In analyzing the loop gain and stability of the CSA, the circuit can be conceptualized as two nested loops: the internal loop and the total loop. The internal loop consists of the core amplifier, source follower stage, and feedback capacitor ( $C_F$ ). The total loop incorporates the ICON Cell in addition to the internal loop, as shown schematically in Fig. A-1.



Fig. A-1. Schematic of the CSA as well as the division of the loops.

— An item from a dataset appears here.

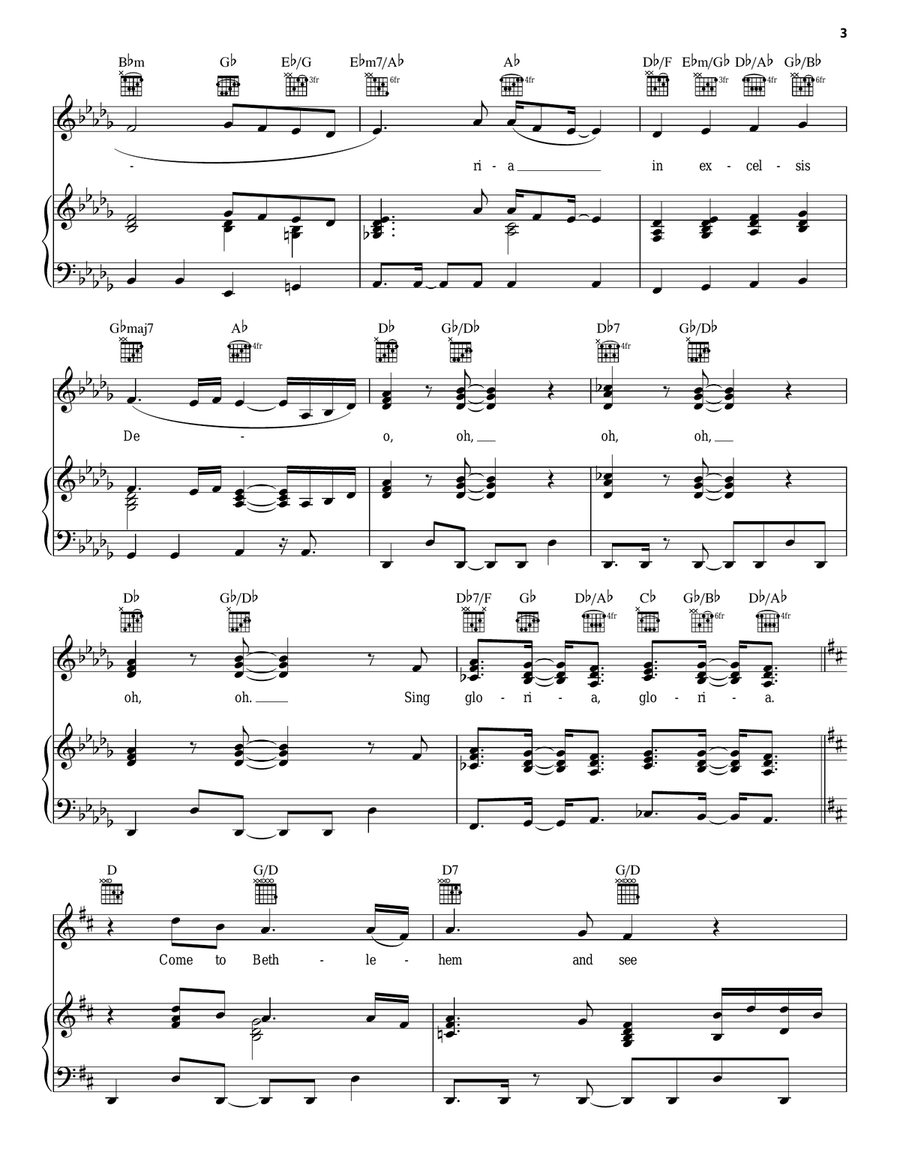 Angels We Have Heard On High Piano, Vocal, Guitar scores gallery preview page 3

### A.2 Internal Loop Analysis

The ICON Cell receives current at its input and outputs a proportional current, making the current transfer function the most convenient way to study the internal loop. In the ideal case, the current transfer function  $(T_{ideal})$  of the internal loop (Fig. A-2) is:

$$T_{ideal}(s) = \frac{I_{out}}{I_{in}} = \frac{1 + SC_F R_1}{SC_F R_1}$$
(A-1)

To determine the real transfer function  $(T_{real})$ , the singularities of the loop must be calculated. Given the structure of the internal loop, calculating the voltage transfer

function is simpler. Once the loop's singularities are obtained from the voltage transfer function, they can be applied to  $T_{ideal}$  to yield  $T_{real}$ .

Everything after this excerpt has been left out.